En una noche brillante en el estadio Lusail, el Real Madrid se coronó campeón de la Copa Intercontinental al derrotar 3-0 al Pachuca, con un regreso estelar de Kylian Mbappé, un golazo de Rodrygo y un penal convertido por Vinicius Junior, reciente ganador del premio FIFA al mejor jugador del año.
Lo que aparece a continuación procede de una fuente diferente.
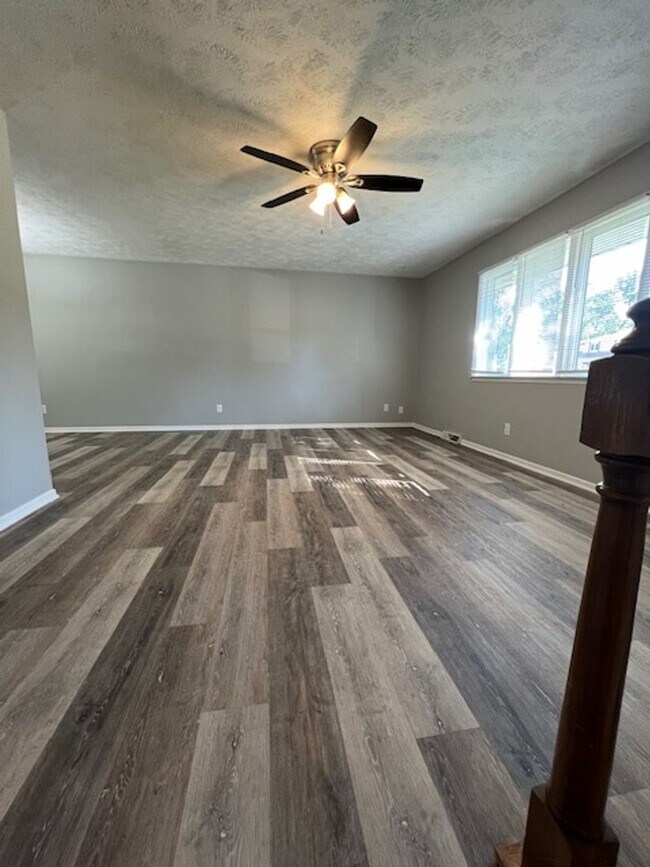 Building Photo - 3 Bedroom In Roanoke Estates!!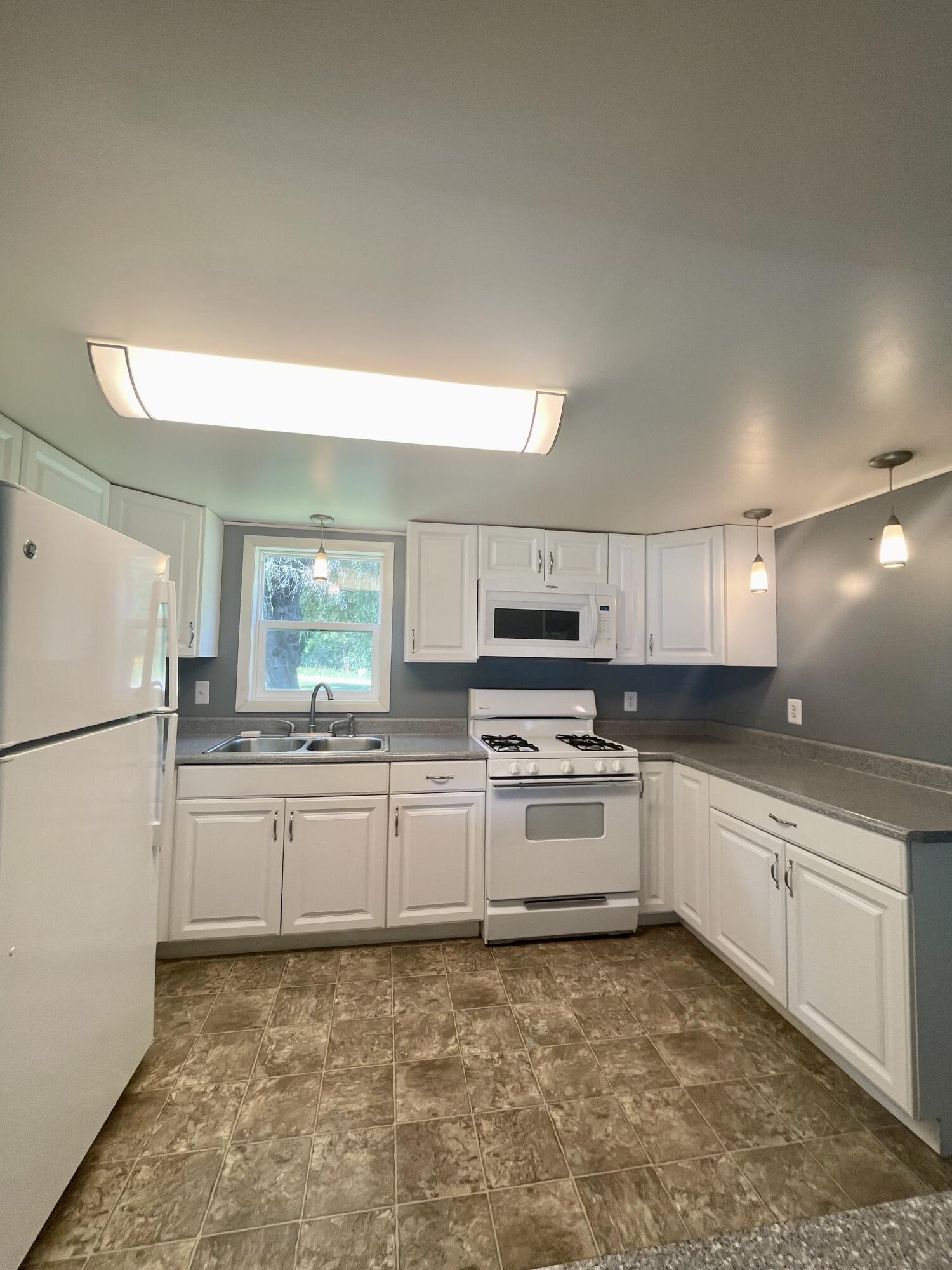 6136 North Larson Road Fountain, MI 49410 - Photo 10 of 22 FullSizeRender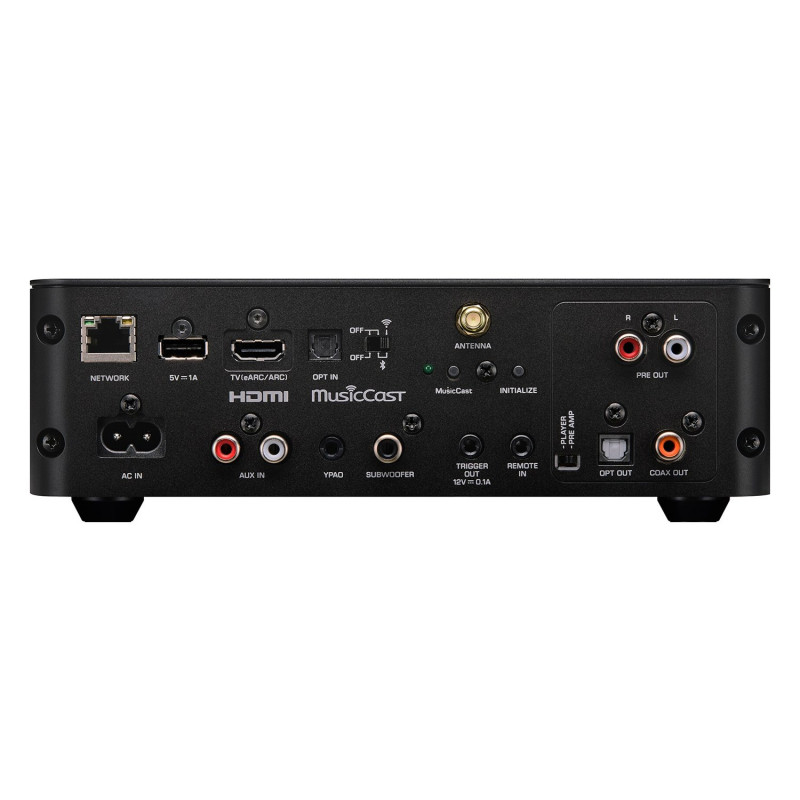 Yamaha WXC-70A, panel trasero con HDMI eARC, entradas, salidas de previo, óptica, coaxial y subwoofer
Con este triunfo, el conjunto Merengue alcanzó su quinto título en 2024, igualando su récord histórico de trofeos en un año, establecido en 2017. Además de la Copa Intercontinental, el Madrid ya había ganado la Liga de Campeones, La Liga española, la Supercopa de España y la Supercopa de Europa, consolidándose como el equipo más dominante del fútbol mundial en la temporada.

El dominio blanco en Lusail
El técnico Carlo Ancelotti, quien se convirtió en el entrenador más exitoso en la historia del club con 15 títulos, volvió a demostrar su capacidad para gestionar estrellas en partidos decisivos. Desde el inicio, el Madrid se mostró superior ante un Pachuca que no logró mantener el nivel que lo llevó a sorprender a otros rivales en el torneo.
Kylian Mbappé abrió el marcador a los 37 minutos, empujando un balón servido desde el costado en una jugada donde el conjunto europeo desbordó por completo la defensa mexicana. El delantero francés, quien regresaba tras una lesión, fue una de las figuras del encuentro antes de ser sustituido a los 62 minutos con el marcador ya definido.
El segundo gol llegó en el minuto 53, cuando Rodrygo deslumbró con una jugada individual y un potente disparo desde el borde del área que dejó sin opciones al arquero Carlos Moreno. Aunque el VAR revisó la jugada por una posible posición adelantada, el gol fue ratificado, desatando la euforia de la afición madridista.
Finalmente, Vinicius Junior selló la victoria desde el punto penal a los 84 minutos, tras una falta dentro del área que no dejó dudas al árbitro. El brasileño, quien fue galardonado un día antes en Qatar, coronó así una actuación sólida del equipo.

Un torneo renovado
La Copa Intercontinental, que recupera el nombre del antiguo enfrentamiento entre los campeones de Europa y Sudamérica, ahora incluye a los ganadores de las seis confederaciones del mundo y se disputará anualmente. Este torneo reemplaza al tradicional Mundial de Clubes, que será reformulado como un certamen ampliado a partir de 2025 y se jugará cada cuatro años en Estados Unidos.
En esta edición, el Real Madrid llegó directamente a la final como campeón europeo, mientras que Pachuca sorprendió al superar al Botafogo de Brasil y al Al Ahly de Egipto para enfrentarse al gigante español.
Un sueño que quedó corto para Pachuca
A pesar de su valentía y el camino destacado que recorrieron, los Tuzos no lograron competir ante el poderío del Real Madrid. La diferencia de jerarquía y experiencia fue evidente en el campo, y el conjunto mexicano no pudo generar peligro real para inquietar a la defensa blanca.
El Real Madrid, una vez más, demostró por qué es considerado uno de los equipos más grandes del mundo, reafirmando su hegemonía en un torneo renovado y marcando un nuevo capítulo en su rica historia de éxitos.